Social Engineering exploits
More businesses are moving to the cloud, creating new kinds of risk. Analysing how attackers are getting access to this infrastructure—and how some users are inadvertently misusing it — provides critical insight into how to better protect against these new threats. The cloud and software-as-a-service (SaaS) apps are mainstays of modern business and consumer computing. They are also quickly becoming the latest frontier of innovation for threat actors.
In a recent sample of prospective customers, about 1% of SaaS credentials were compromised and 24% of all logins to cloud services were suspicious. Suspicious logins included:
• Malicious sources such as bots, scanning hosts, Tor nodes and more
• Non-human logins from cloud infrastructure and third-party services
• “Too-fast-to-travel” events
Malicious logins, such as those from bots, are common in “traditional” cybercrime. Non-human logins into cloud-based infrastructure and services are a more recent phenomenon. These come from a service or app—some of which may not have been explicitly authorised by a user or organisation. Too-fast-to-travel events refer to situations in which someone logs into an account from one region— and then another login is detected from somewhere the first person couldn’t have travelled to that soon. For example, say a legitimate login occurs from a US-based IP address. Then two hours later, someone logs in from a Chinese IP address. At least one of those logins is suspicious.
For authorised apps and third-party add-ons, users are often unaware of the hidden layers of access — and risks. For example, if someone authorises a third-party cloud email add-on, an OAUTH token may allow the app to synchronise the user’s email on a separate, less-than-secure server. Once authorised, these apps continue to have access—even after the user deletes the app or quits the service. We saw danger signs when examining third-party apps accessing core cloud services. Most of the organisations we surveyed had hundreds of apps installed on cloud platforms. Roughly 18% of these apps could access email or files. In many cases, this access may be legitimate and useful. But often, organisations are unaware that the apps have unfettered access to critical communications and data.

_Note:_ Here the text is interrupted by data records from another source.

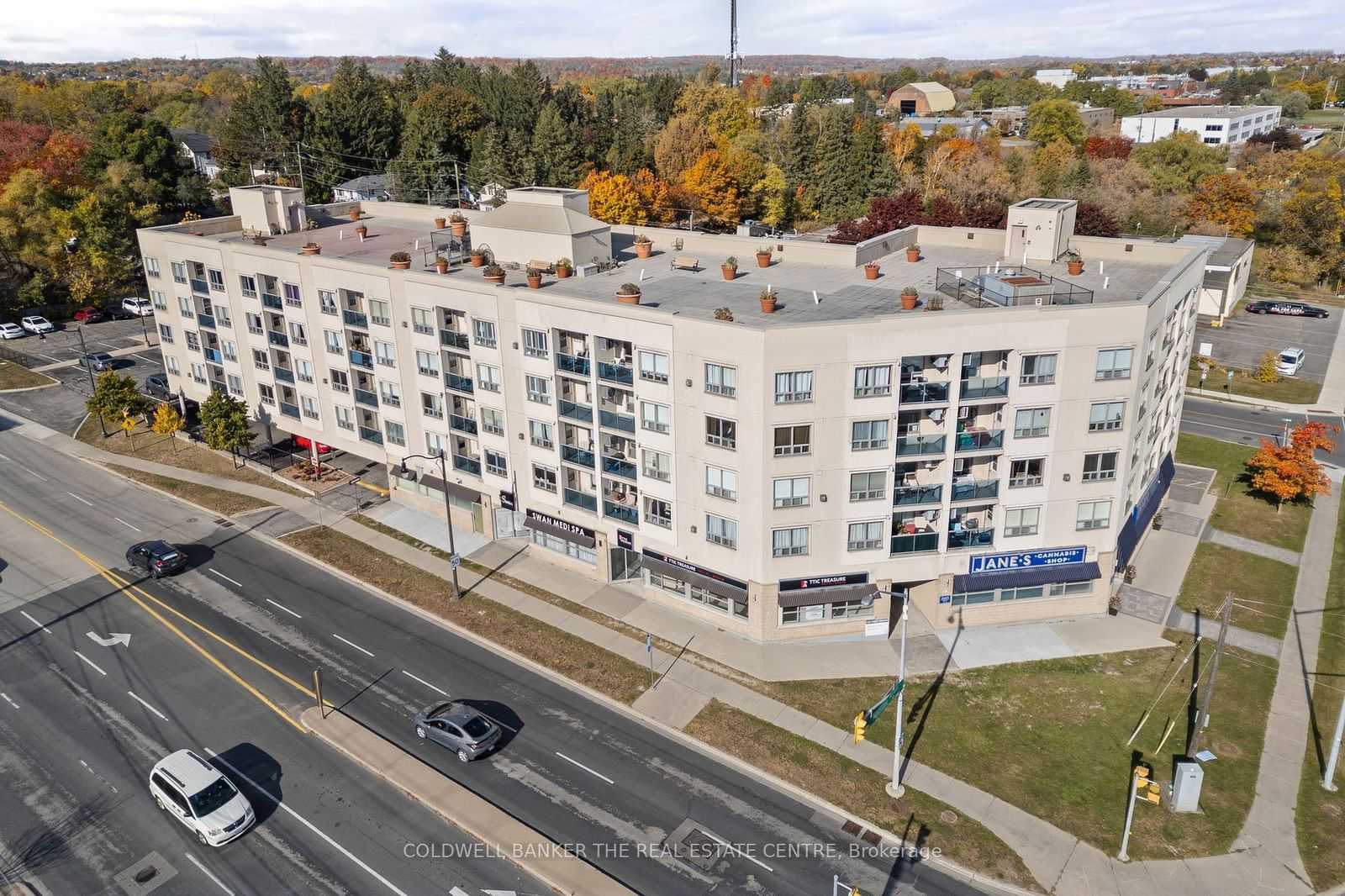 160 Wellington St E, unit 210 for sale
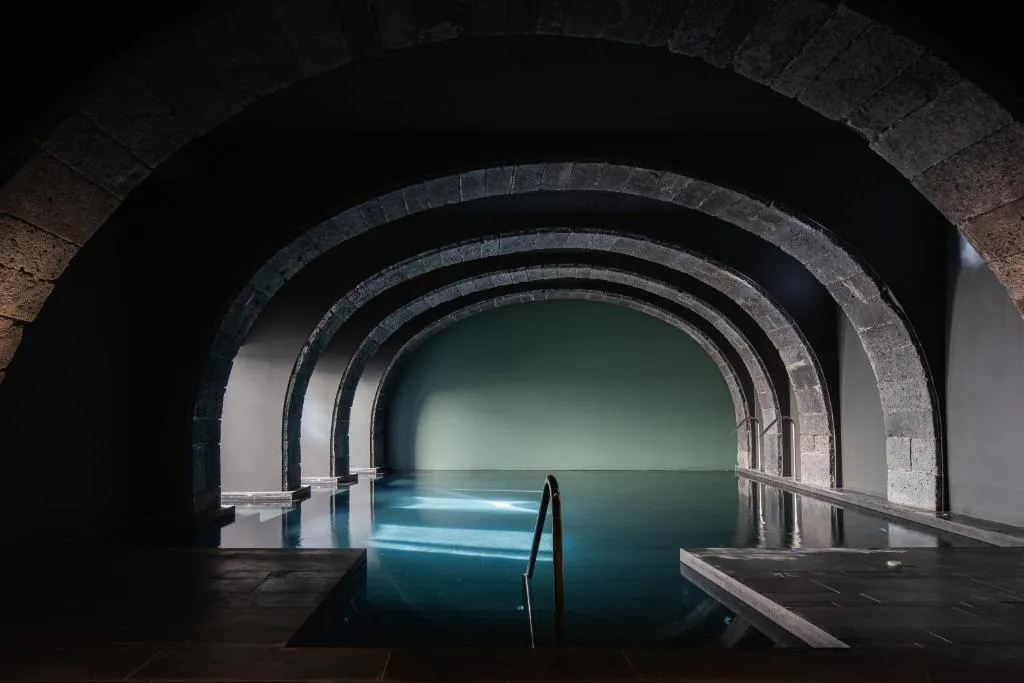 NINE DOTS Azorean Art Boutique Hotel，位于蓬塔德尔加达的酒店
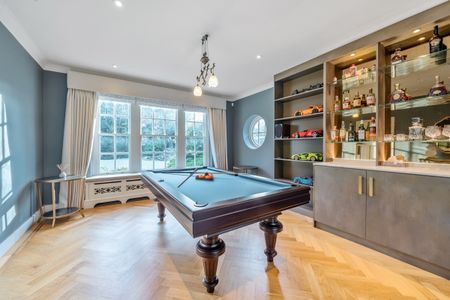 6 bedroom detached house to rent - Photo 2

Anytime, anywhere access and easy integration with a variety of third-party add-ons are among the greatest strengths of cloud apps. But they also represent the greatest risks to personal and corporate data. In many cases, we also see people failing to follow best practices for cloud apps. This behaviour may stem from convenience, lack of governing policy or ignorance:
• Thousands of files were shared with personal, non-business accounts
• Hundreds of thousands of files were shared openly with the entire organisation rather than being limited to those who needed access.
• Tens of thousands of files were shared publicly
In the emerging cloud era, the human factor is alive and well. Carelessness, ignorance or lack of guidance can all lead to oversharing and new risks to data. Personal and public file sharing can pose a particular risk — especially after employees leave an organisation but retain access.

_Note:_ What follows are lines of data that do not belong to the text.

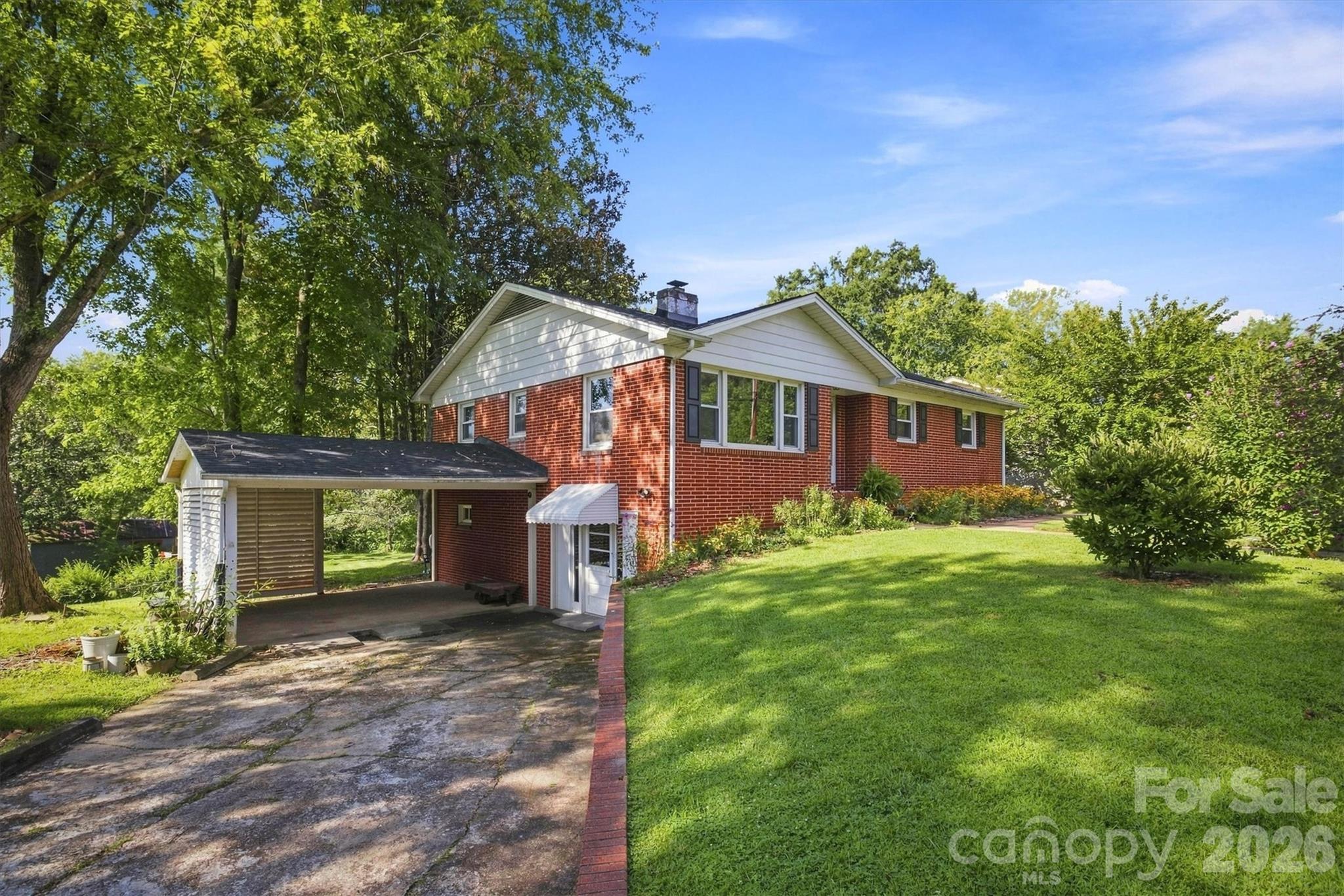 103 Park Street — Morganton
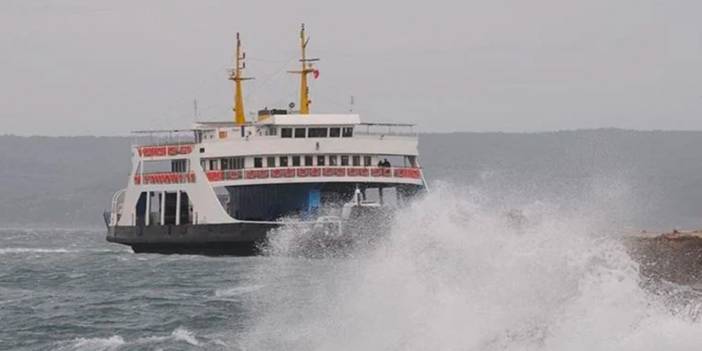 Feribot seferlerine 'fırtına' engeli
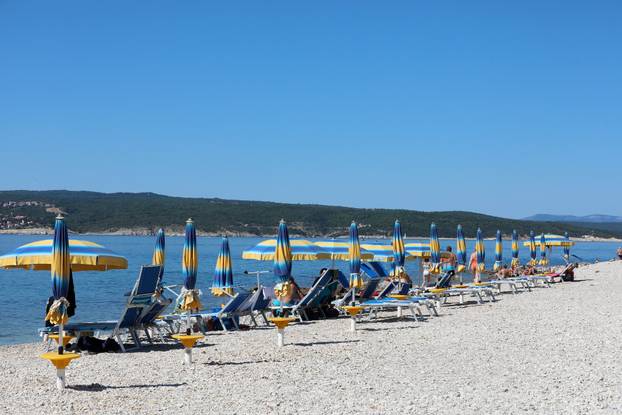 Crikvenica: Ponuda na tržnici, restoranu i na plaži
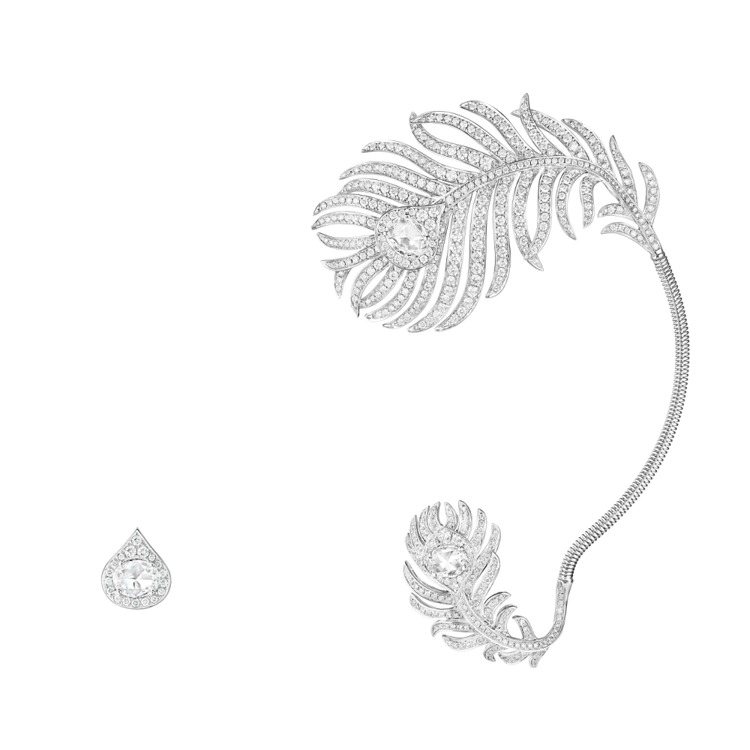 羽毛的意念一向空靈唯美，而Boucheron並以Plume de Paon孔雀羽毛圖案，打造出一系列的高級珠寶項鍊、以及一組不對稱但別具個性的白金鑽石耳環。圖／Boucheron提供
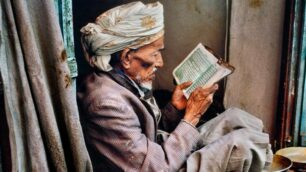 Monza Steve McCurry Leggere Yemen 1997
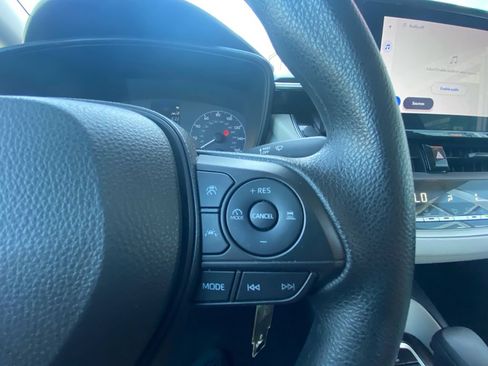 Used 2023 Toyota Corolla LE FWD image 19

As we adopt cloud apps and services at scale across organisations and use them frequently in our daily lives, our habits are changing. WordPress Security tools are not changing as quickly. We have become accustomed to receiving everything from emailed surveys to shared files from a variety of services. The tools and services we rely on to defend ourselves from cyber threats are often configured to trust email and other content from major, reputable email providers. So when attackers abuse “good services for bad purposes,” we often are not prepared. That makes these services useful vectors for attackers. Many of these platforms are extensible by design. That versatility opens up new features for organisations. It also creates wide-ranging possibilities for abuse.
Abusing legitimate services has other benefits for threat actors beyond the inherent trust people and tools place in them. Legitimate email service providers operate on a massive scale. They are frequently used by legitimate marketers to send large email blasts. And they are used by organisations ripe for abuse. As a result, email service providers themselves have a hard time detecting malicious activity. And shutting it down often amounts to an unwinnable game of whack-a-mole. Detecting malicious activity from legitimate services requires deeper, dynamic analysis than REPUTATION-BASED DEFENCES can offer alone. Attacks that leverage legitimate services exploit the human factor. And like other people-centred attacks, they challenge automated defences and the people being targeted.